**What you should do**
Copy the lines running from the one that contains "阿尔玛格鲁La Encomienda de" to the end of the entries below, exactly and with no pictures.

**The records**
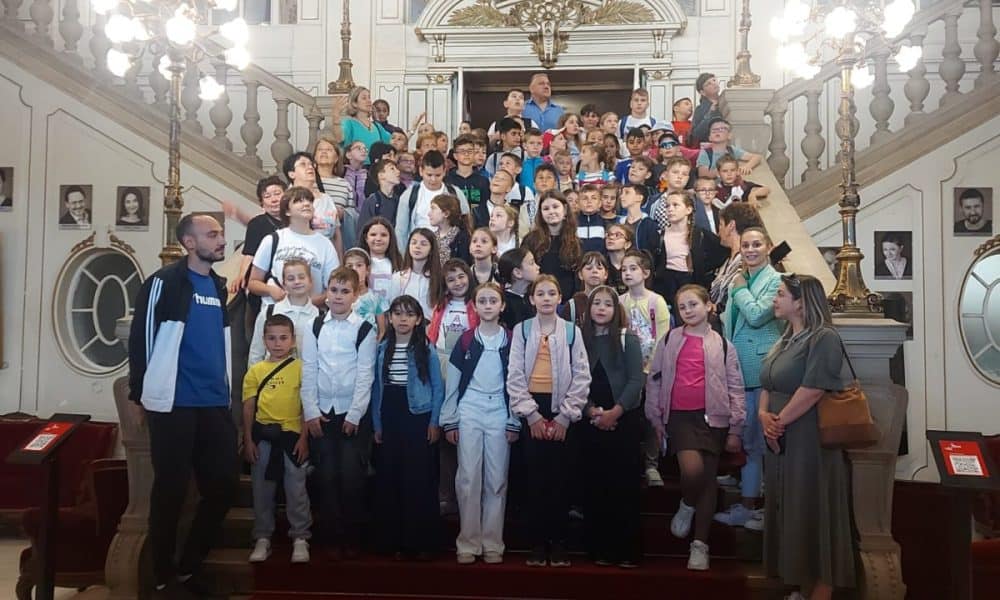 foto: rotary, mereu în serviciul educației. un grup de elevi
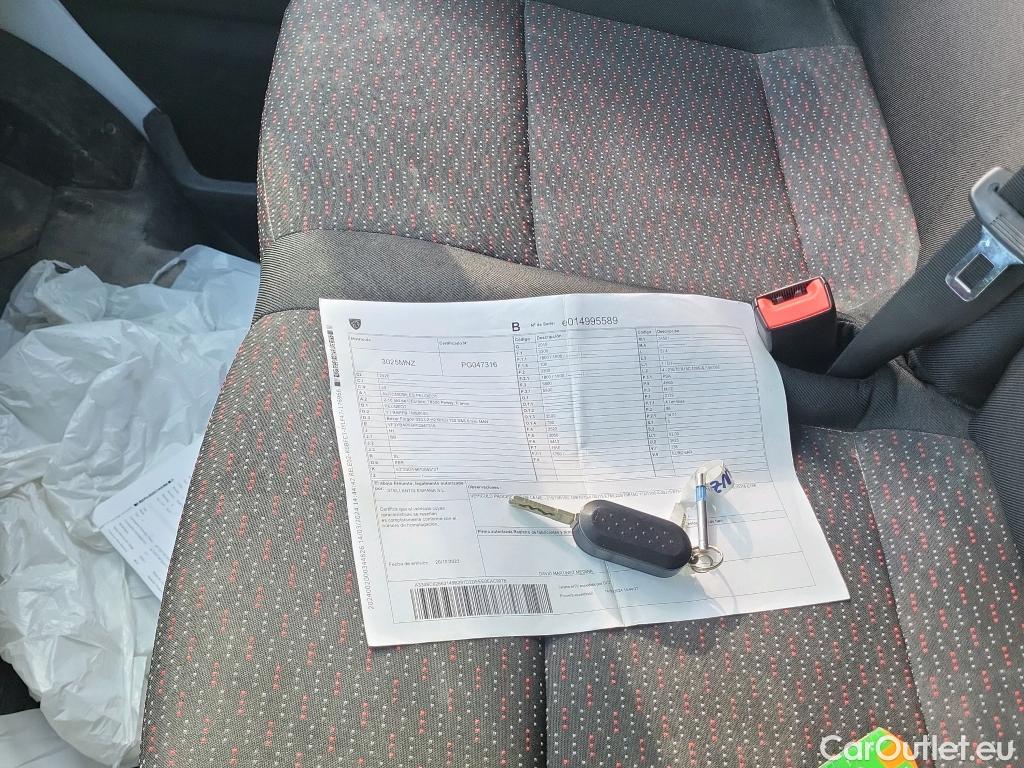  Peugeot  Boxer PEUGEOT  / 2014 / 4P / furgón 333 L2 H2 BHDI 88kW (120CV) S&S 6 V. M #29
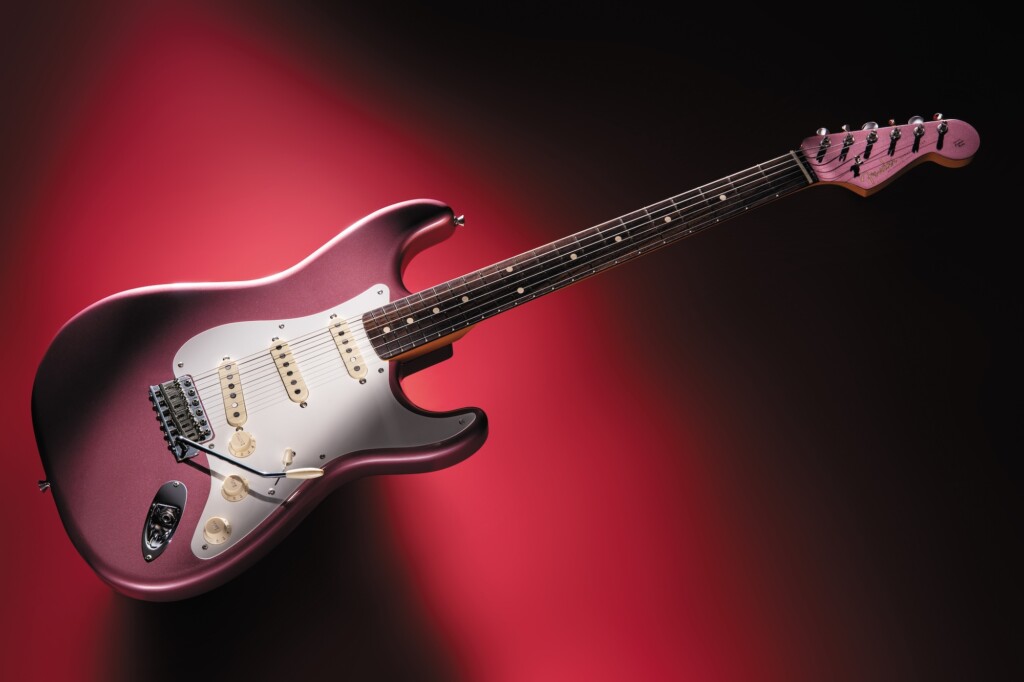 Char、新シグネイチャーモデル「Char Stratocaster Burgundy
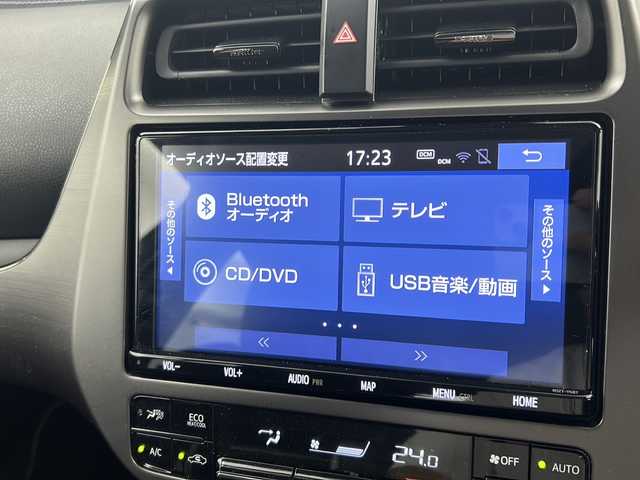 トヨタ プリウス ＰＨＶ S GRスポーツ 宮城県 2019(平31)年 7.5万km ホワイトパールクリスタルシャイン Toyota Safety Sense /・プリクラッシュセーフティ/・レーンディパーチャーアラート/・オートマチックハイビーム/・レーダークルーズコントロール/純正9インチナビ/・BT.CD.DVD.SD.USB.HDMI/・フルセグTV/バックカメラ/ハーフレザーシート/・前席シートヒーター/ビルトインETC2.0/ドライブレコーダー（FR）/LEDヘッドライト/LEDフォグライト/プッシュスタート/スマートキー×2/ステアリングスイッチ/純正フロアマット/純正15インチAW/ガナドール製マフラー/トノカバー/ウーハー/ツイーター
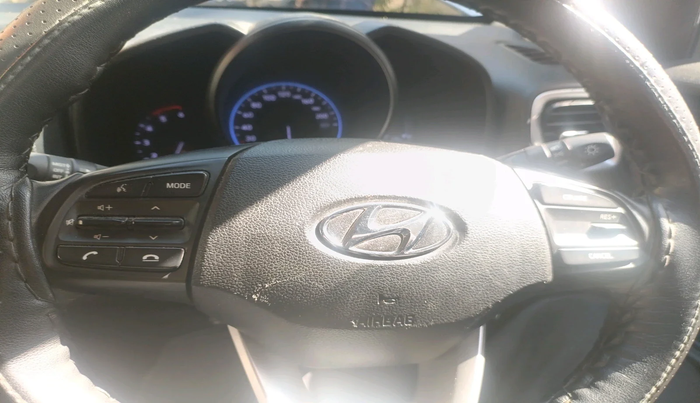 2020 Hyundai VENUE SX 1.5 CRDI, Diesel, Manual, 1,06,553 km, interior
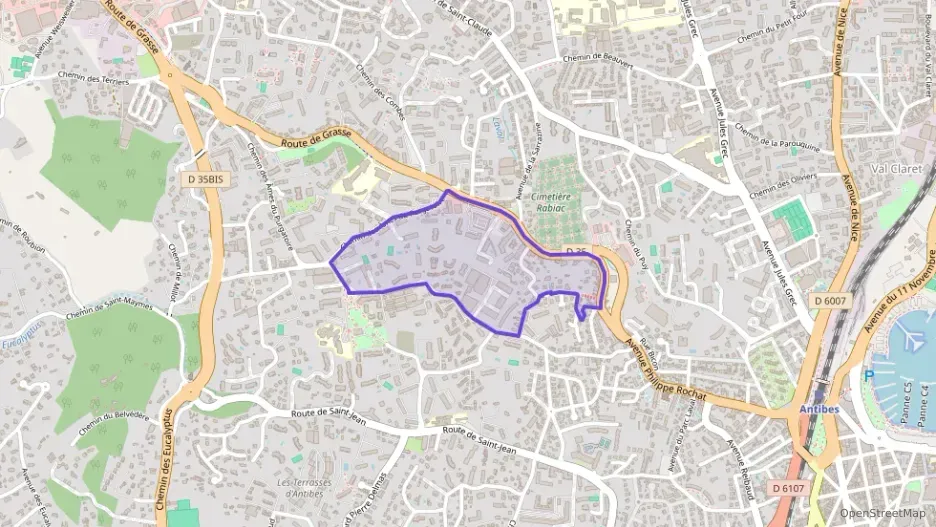 Appartement 80 m² quatre pièces à vendre à Antibes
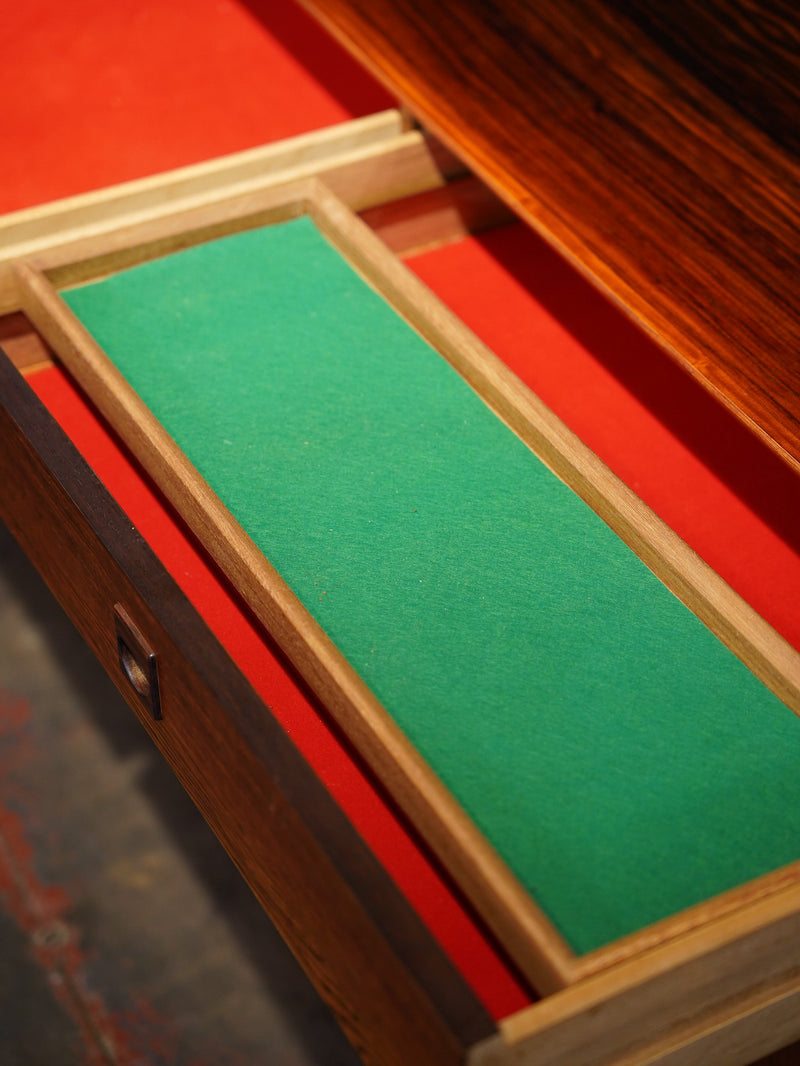 キャビネット/カップボード<br> 大和店 - ヴィンテージ SHARK ATTACK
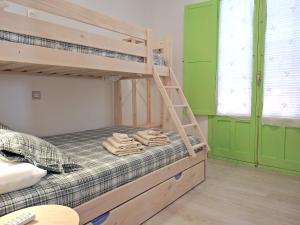 阿尔玛格鲁La Encomienda de Almagro的配有绿色墙壁的客房内的一张双层床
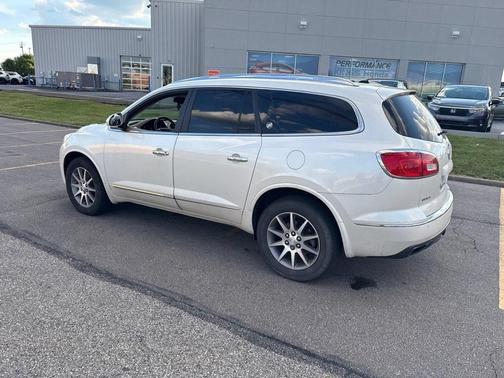 White Diamond Tricoat 2013 Buick Enclave Leather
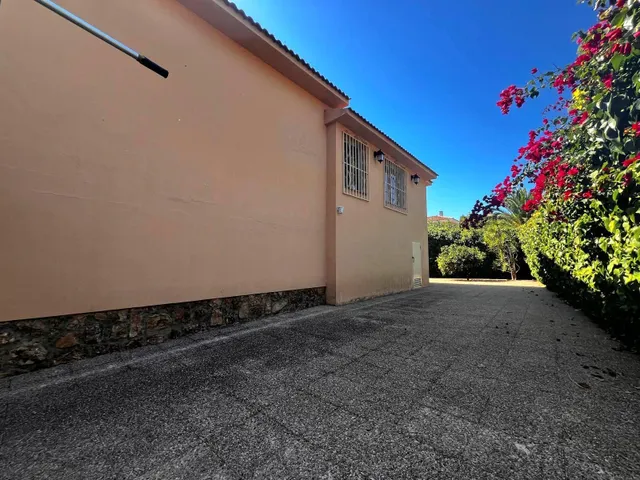 MAGNIFICO CHALET INDEPENDIENTE CON APARTAMENTO DE INVITADOS, PISCINA PRIVADA, GARAJE, BARBACOA, BUENAS VISTAS Y MUCHO MAS — 7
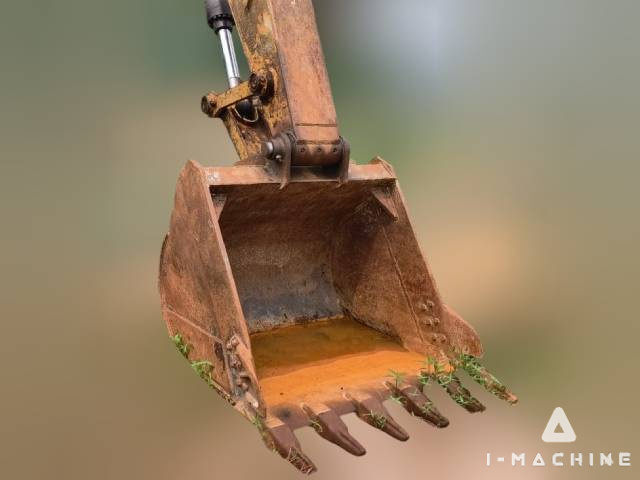 CATERPILLAR 320D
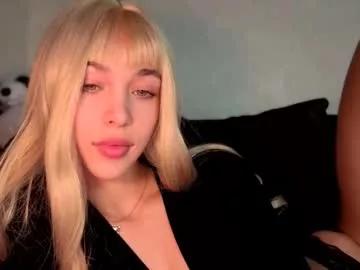 cutieeeeva on Chaturbate 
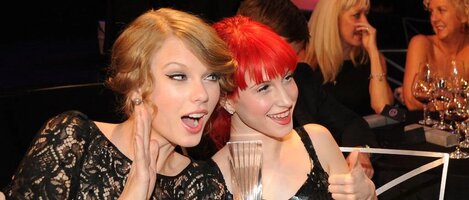 Taylor-Swift-Hayley-Williams-Paramore-2010-getty-full.jpg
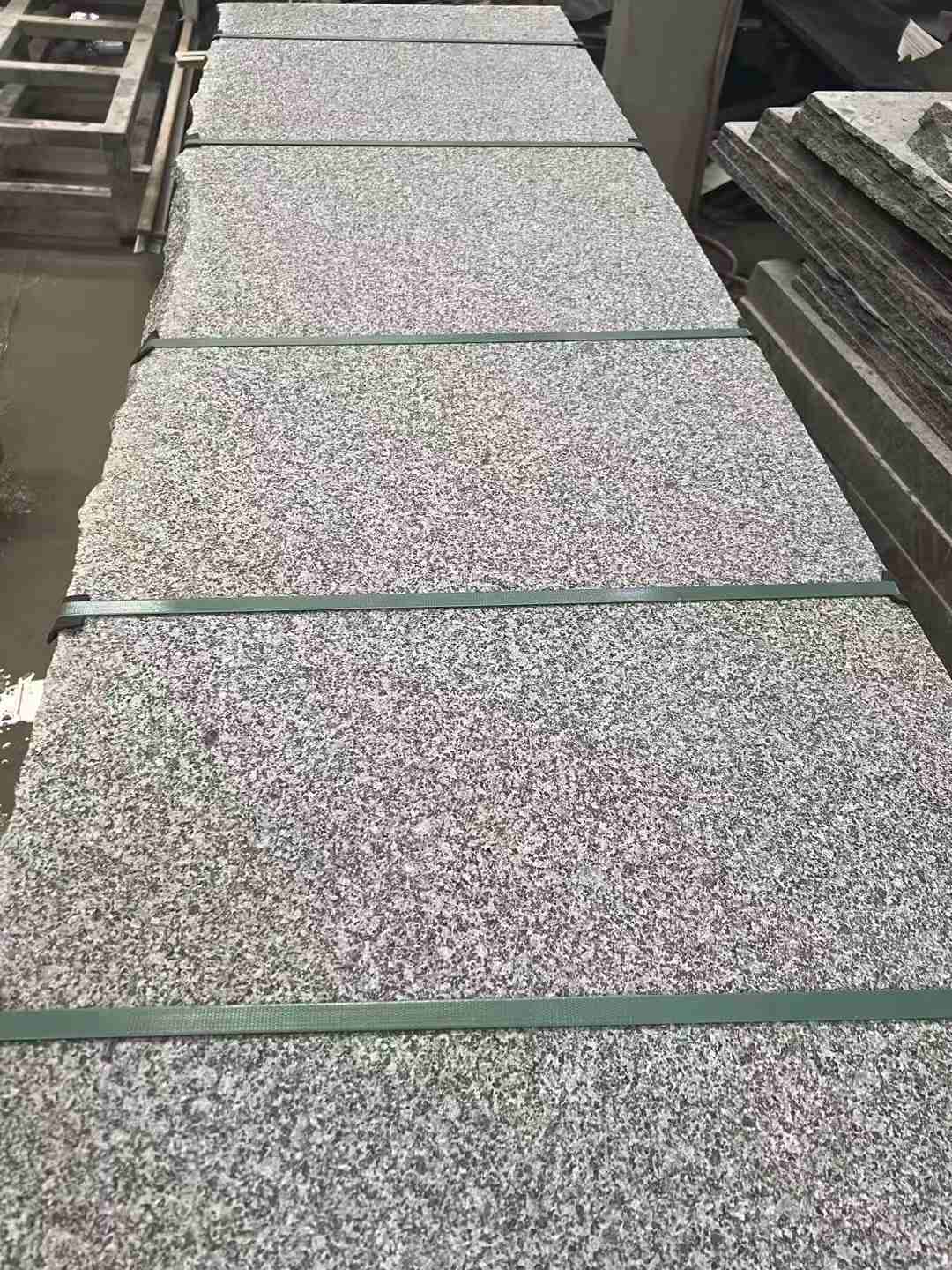 拉萨 芝麻黑火烧面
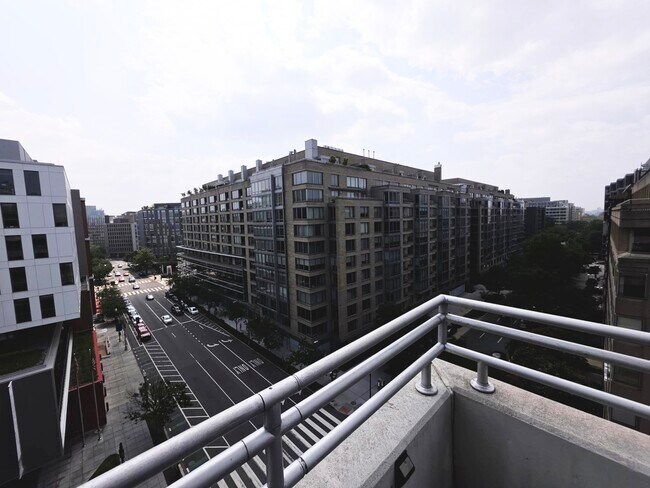 Foto del edificio - 1200 23rd St NW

**Exercise answer**
 阿尔玛格鲁La Encomienda de Almagro的配有绿色墙壁的客房内的一张双层床
 White Diamond Tricoat 2013 Buick Enclave Leather
 MAGNIFICO CHALET INDEPENDIENTE CON APARTAMENTO DE INVITADOS, PISCINA PRIVADA, GARAJE, BARBACOA, BUENAS VISTAS Y MUCHO MAS — 7
 CATERPILLAR 320D
 cutieeeeva on Chaturbate 
 Taylor-Swift-Hayley-Williams-Paramore-2010-getty-full.jpg
 拉萨 芝麻黑火烧面
 Foto del edificio - 1200 23rd St NW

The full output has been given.